Comment avez-vous commencé le télémark ?
Je suis issu d’une famille assez impliquée dans la montagne : mon grand-père et mon grand-oncle étaient guides de haute montagne et mon père est responsable du domaine nordique de Samoëns. J’ai donc toujours baigné dans le milieu du ski et pratiqué des sports de montagne. Je suis venu au télémark dès l’âge de 9 ans, poussé par mes parents. Mon frère et ma mère en faisaient déjà, je voulais découvrir une ambiance plus tranquille que le ski alpin. J’ai accroché tout de suite. Ce qui me plaît, c’est la diversité des formats des courses. Le télémark a été inventé par un menuisier dans le Comté de Telemark, en Norvège. C’est l’essence même du ski et en même temps la base. Que ce soit la partie chronométrée du géant avec un saut au milieu sur lequel on va chercher une ligne avec une longueur à respecter, le gros virage relevé qu’on appelle un loom, ou la partie de skating sur 50-100 m à la fin, c’est très complet techniquement et physiquement. Il faut être polyvalent.
 
Et en même temps, vous ne faites pas que ça, le skate ou encore le wakeboard font aussi partie de vos activités…

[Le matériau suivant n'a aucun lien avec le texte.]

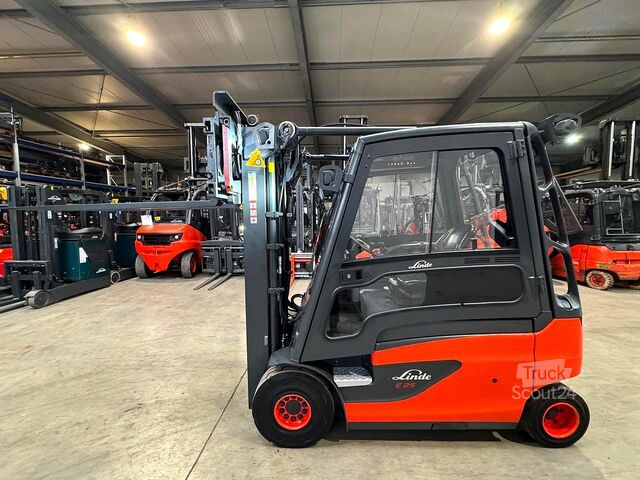Gaffeltruck Linde E 25L [ID: 102]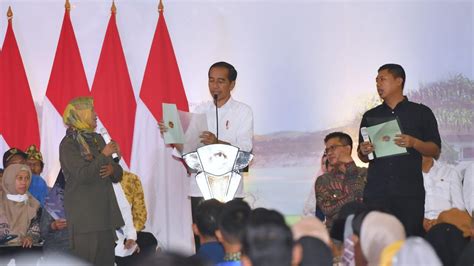 Presiden Serahkan Sertifikat Hak Atas Tanah Di Kabupaten Bandung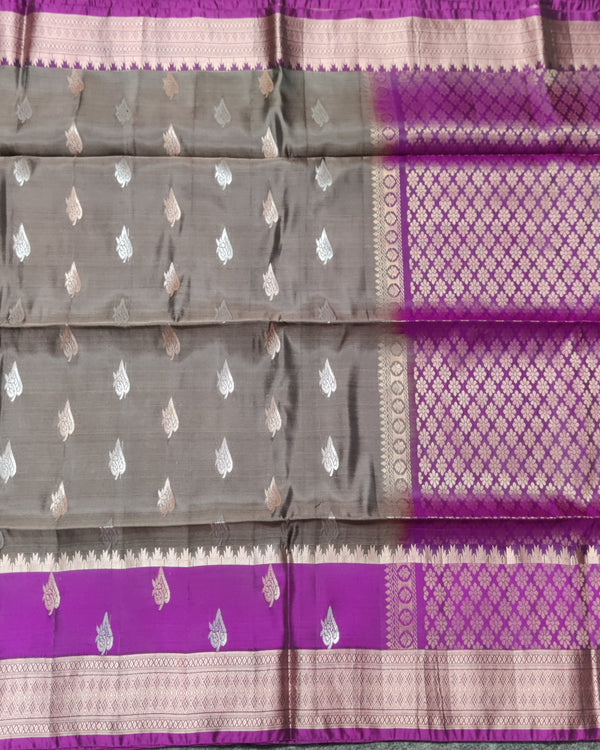 Lightweight pattu Scurt Border Saree - LWP09 alternate view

Petit, j’ai égrainé tous les clubs de la vallée : VTT, tennis, foot, je suis un touche-à-tout. J’aime vraiment pratiquer un maximum de choses, je fais aussi du ski de randonnée, notamment en rentrant de Coupe du monde pour décompresser. Il y a des choses à tirer de tous les sports. Dans le skate, par exemple, il y a tout une proprioception et une partie psychologique – tant qu’on n’y croit pas, on ne peut pas y arriver – qui m’ont aidé dans mes courses.